= ASSIGNMENT =
From the following material, work out how many lines include the string "Picture"; respond with the number only.

-- Opening Marker --

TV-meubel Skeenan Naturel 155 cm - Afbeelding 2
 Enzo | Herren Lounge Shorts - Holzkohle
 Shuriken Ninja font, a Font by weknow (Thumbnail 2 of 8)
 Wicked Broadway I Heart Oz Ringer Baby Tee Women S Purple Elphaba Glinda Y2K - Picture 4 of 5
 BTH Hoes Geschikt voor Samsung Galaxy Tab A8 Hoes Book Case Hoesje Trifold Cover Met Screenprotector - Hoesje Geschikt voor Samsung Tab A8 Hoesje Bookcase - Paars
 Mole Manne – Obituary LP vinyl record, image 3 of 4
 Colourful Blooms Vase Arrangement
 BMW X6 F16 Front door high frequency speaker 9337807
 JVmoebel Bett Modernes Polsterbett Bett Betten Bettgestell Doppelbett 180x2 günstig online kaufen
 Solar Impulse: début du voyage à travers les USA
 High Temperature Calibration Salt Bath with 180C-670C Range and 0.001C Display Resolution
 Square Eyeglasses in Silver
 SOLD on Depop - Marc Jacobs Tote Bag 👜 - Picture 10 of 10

-- Closing Marker --

= ANSWER TO THIS EXERCISE =
2